PALI LEHOHLA | We can map out SA’s future with the power of measurement

Unleashing the potency of data and statistics can improve the quality of our politics and life

We need to disabuse ourselves of politics of disrespect, relieve the world of the burdens of ignorance-inspired politics and move rapidly to data- and statistics-driven politics.
We need to disabuse ourselves of politics of disrespect, relieve the world of the burdens of ignorance-inspired politics and move rapidly to data- and statistics-driven politics. (Nardus Engelbrecht/Gallo Images)

Identifying the levers for change in development is at the heart of cartography beyond co-ordinate geography. The conception and representation of stages of agglomerations is based on cartography beyond co-ordinate geography. This wealth of intellect in practice and theory has come of age to answer what will and should be the nature, in content, in form, in space and in time, of sustainable development and more importantly how the agenda is set and what steps are taken to deliver the 17 sustainable development goals of the UN Agenda 2030.

Six strategic areas focused on data and statistics as a public good and not new private oil — after all data and statistics are a product of universal collaborative work. The strategic areas were co-ordination and strategic leadership on data for sustainable development; innovation and modernisation of national statistical systems; strengthening of basic statistical activities and programmes, with particular focus on addressing the monitoring needs of the 2030 Agenda; dissemination and use of sustainable development data; multi-stakeholder partnerships for sustainable development data; mobilise resources and co-ordinate efforts for statistical capacity building. The journey, since the initial step of 2014, has brought together new lessons in the leadership of statistics. There has been a monumental shift from the notion of statistical organisation and office to a nomenclature of a system.

New Zealand especially has been at the forefront of the curve. Their chief statistician is given the authority of a national data steward, who presides over the national data and statistical system.
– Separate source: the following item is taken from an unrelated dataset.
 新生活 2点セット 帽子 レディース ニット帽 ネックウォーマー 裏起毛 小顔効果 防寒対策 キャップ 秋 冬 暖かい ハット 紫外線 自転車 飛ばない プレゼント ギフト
In this regard, this role ensures that data and statistics cannot be new oil that gets privately monetised but remains a truly public good. That resolves the privatisation of what is organically public and non-rival. Liberating and unleashing the power of measurement can improve the quality of our politics and life. This column is an outcome and a step towards the definition of what the world that counts should deliver in space and time. Central to this and giving meaning to this objective is cartography beyond co-ordinate geography.

We have to heed Lord Kevin when he says: “When you can measure what you are speaking about, and express it in numbers, you know something about it. When you cannot express it in numbers, your knowledge is of a meagre and unsatisfactory kind. It may be the beginning of knowledge, but you have scarcely, in your thoughts advanced to the stage of science.”

Soulless co-ordinate-based cartography creates spatial hierarchies that smack of huge agglomerations reflecting spatial inequities.

That is the essence of the platform Statistics South Africa was privileged with by hosting the first UN World Forum on Lord Kevin’s call of the quest to unleash the power of measurement. We need to disabuse ourselves of politics of disrespect, relieve the world of the burdens of ignorance-inspired politics and move rapidly to data- and statistics-driven politics. Politics as the expression of a humanity-based intentionality powered by cartography beyond co-ordinate geography. It recognises that economic fortunes amid huge economic misfortunes is not an act of an uncaring God or Allah, but one of a deliberate act that absents from our consciousness the creation of agglomerations.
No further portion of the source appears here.